Pas de surprise, The Pentagram, de sa pochette à ses morceaux continue le travail de prière consciente aux antiques Dieux de l’agression sombre. Distribué en 2018 par le label Hell Music, The Pentagram se voit donc offrir une seconde jeunesse par l’entremise des puristes de Hells Headbangers, trop heureux de contribuer une fois de plus à la gloire de ce groupe unique, sorte de tribute-band indirect qui préfère ses propres compositions aux originaux, compositions qui de toute façon correspondent en tous points aux dits originaux…Le syndrome du serpent qui se mord la queue, la quadrature du cercle, mais toujours cette envie de jouer en mi majeur pour que le public puisse facilement identifier et reproduire les riffs. D’ailleurs, ce nouvel album n’en est pas vraiment un tout en en étant un, puisque les chansons que l’on y trouve ont été composées sur une période de plus de dix ans, certaines datant de 2017 et d’autres de 2008, et il n’est alors guère étonnant de retrouver le groupe dans une de ses configurations les plus mythiques, celle de 2004/2007, avec le trio Leon Manssur "Necromaniac" à la guitare et au chant, Vinicius Canabarro "Hellpreacher" à la basse, et Pedro Moraes Rocha "Skullkrusher" à la batterie. Musicalement, la donne n’a pas changé, des attaques courtes et ténébreuses, qui reprennent tous les codes édictés à l’époque d’Apocalyptic Raids de HELLHAMMER, ces rythmiques qui cavalent modérément, mais assurément, ce chant qui geint comme les plaintes agressives de Tom Warrior, et cet esprit qui va à l’essentiel, épurant toutes les idées pour leur faire épouser des contours nets et barbares. De la gravité donc dans le fond, mais un esprit ludique dans la forme, et une sorte d’exutoire, une façon de faire revivre l’extrême des mid eighties avec foi et entrain, et surtout, la joie de retrouver des thèmes connus et éprouvés qui fonctionnent toujours plus ou moins.
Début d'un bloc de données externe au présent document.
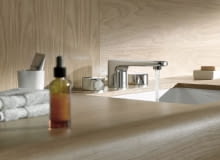 By baterie lśniły jak nowe, należy je systematycznie czyścić odpowiednimi środkami By baterie lśniły jak nowe, należy je systematycznie czyścić odpowiednimi środkami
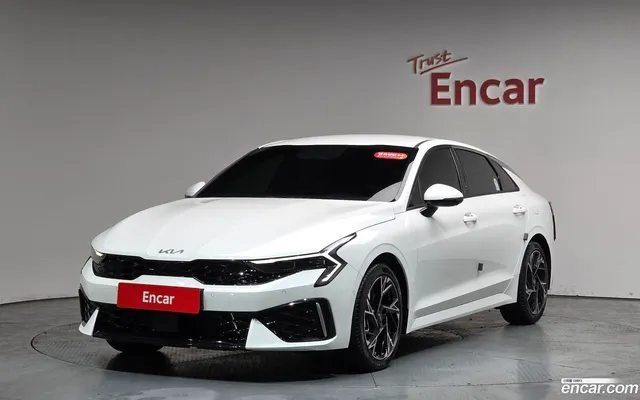 Kia K5 Hybrid — миниатюра 1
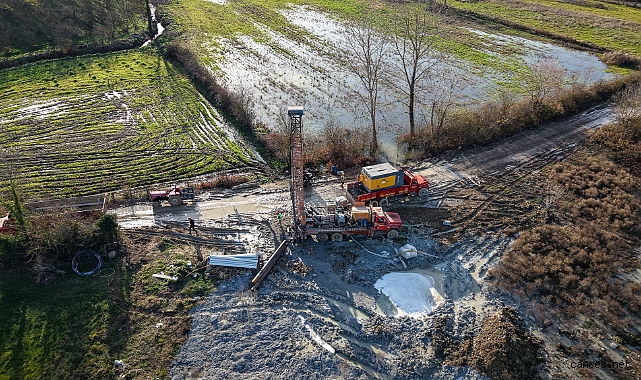 Karasu’da Susuzluğa 104 Metrelik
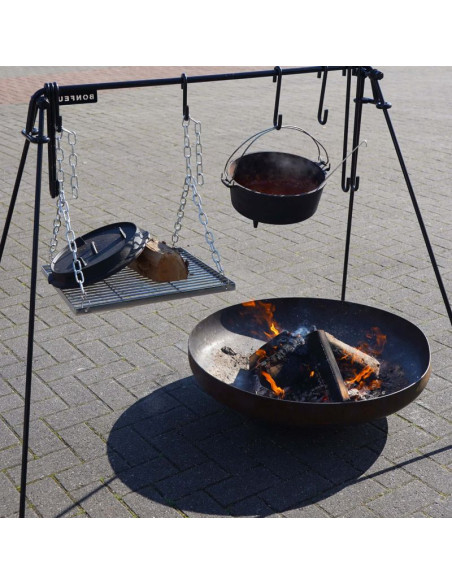 Stojak stalowy bonfeu nad ognisko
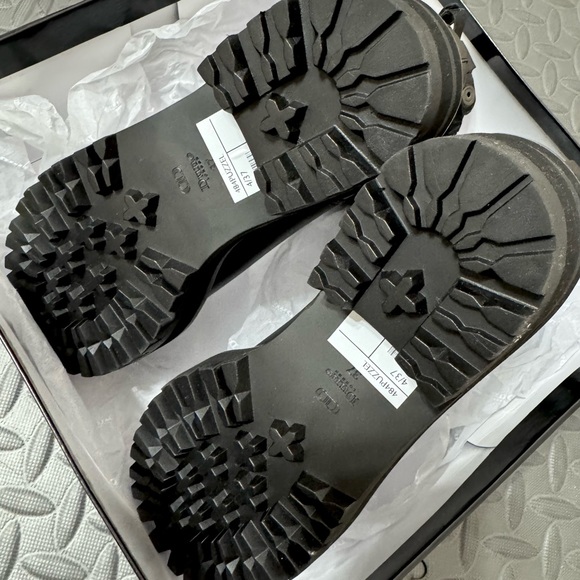 NEW Dune London Puzzel Leather Embellished Chain Ankle Boots Black - Picture 8 of 11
Certes, ne le cachons pas, si d’aventure un jour les APOKALYPTIC RAIDS s’éloignaient de leur route si bien tracée, la surprise n’en serait que plus agréable. Mais il convient de respecter leur choix, et c’est ainsi que « Necromaniac (Is Back) » célèbre le retour sur le devant de la scène underground de Necromaniac, leader de la formation depuis ses débuts et seul membre fondateur encore présent, imposant ce feedback menaçant en intro, avant de reprendre les choses exactement là ou Vol. 4 - Phonocopia les avaient laissées. Tout y est, pas ou presque d’ailleurs, puisque la méthode n’a pas changé, avec ce Blackened Thrash aux allures de souvenir remontant à la surface. Son qui semble daté au carbone 14, guitare qui ne cède toujours pas aux sirènes de la sophistication, textes complètement focalisés sur les mêmes obsessions morbides, et cheminement un peu trop logique pour que les évolutionnistes s’y intéressent de près. Mais ne le cachons pas, et même avec une bonne dose de EP publiés depuis 2010, The Pentagram nous procure la joie de retrouver ce groupe maudit en longue-durée, même si cette durée est occupée par des titres se ressemblant tous, et ressemblant aussi à leurs grands frères depuis 2001. Toujours aussi péremptoire, la grande gueule Leon Manssur a multiplié les déclarations promotionnelles tapageuses, affirmant mépriser les groupes visant « la maturité », et assurant à ses fans que la simplicité a encore été le leitmotiv de cette production. Pour lui, le mieux est l’ennemi du bien, et seule la sobriété a droit de cité, ce qu’on ressent évidemment à l’écoute de « Satan Laughs », qu’on aurait facilement pu trouver sur leur démo de 1999. Mais les quelques breaks inquiétants, quelques coupures un peu moins évidentes que la moyenne, et surtout, un final plus ambitieux que d’ordinaire permettent de se raccrocher à l’illusion de la nouveauté, et c’est avec plaisir que nous dégustons ces neuf hymnes à la débauche paillarde, traitées avec le plus grand des sérieux.    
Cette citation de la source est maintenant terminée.